Records provided
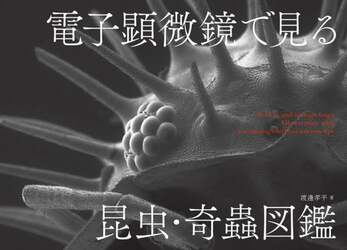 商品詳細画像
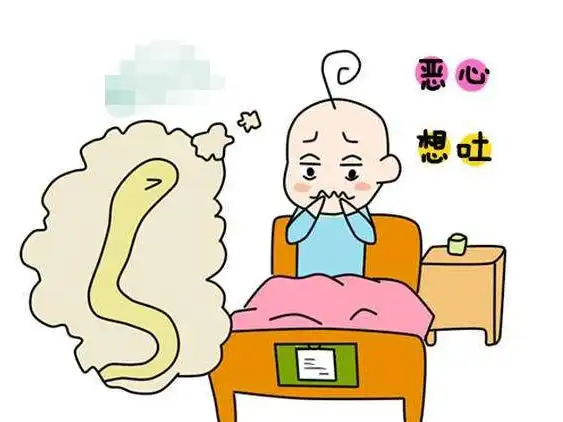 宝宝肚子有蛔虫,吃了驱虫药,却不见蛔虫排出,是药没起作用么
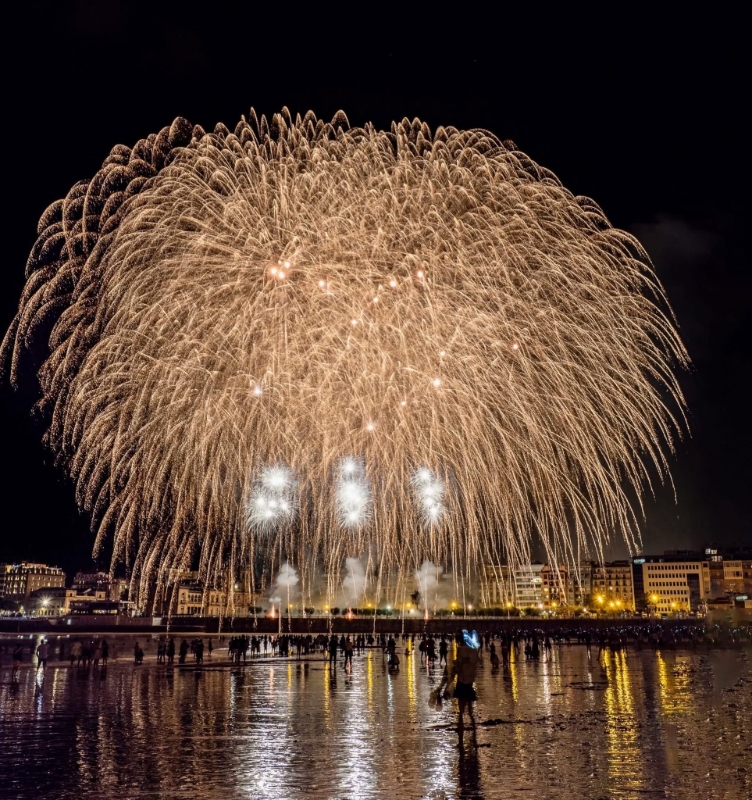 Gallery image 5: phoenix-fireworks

* * *

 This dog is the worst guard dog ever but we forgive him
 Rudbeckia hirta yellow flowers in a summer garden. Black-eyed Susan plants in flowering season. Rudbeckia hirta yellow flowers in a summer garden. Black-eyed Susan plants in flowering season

Work order
Above are some records; extract exactly the lines from the one containing "宝宝肚子有蛔虫,吃了驱虫药,却不见蛔虫排出,是药没起作用么" through the one containing "Gallery image 5: phoenix-fireworks" and drop the pictures.

Result
 宝宝肚子有蛔虫,吃了驱虫药,却不见蛔虫排出,是药没起作用么
 Gallery image 5: phoenix-fireworks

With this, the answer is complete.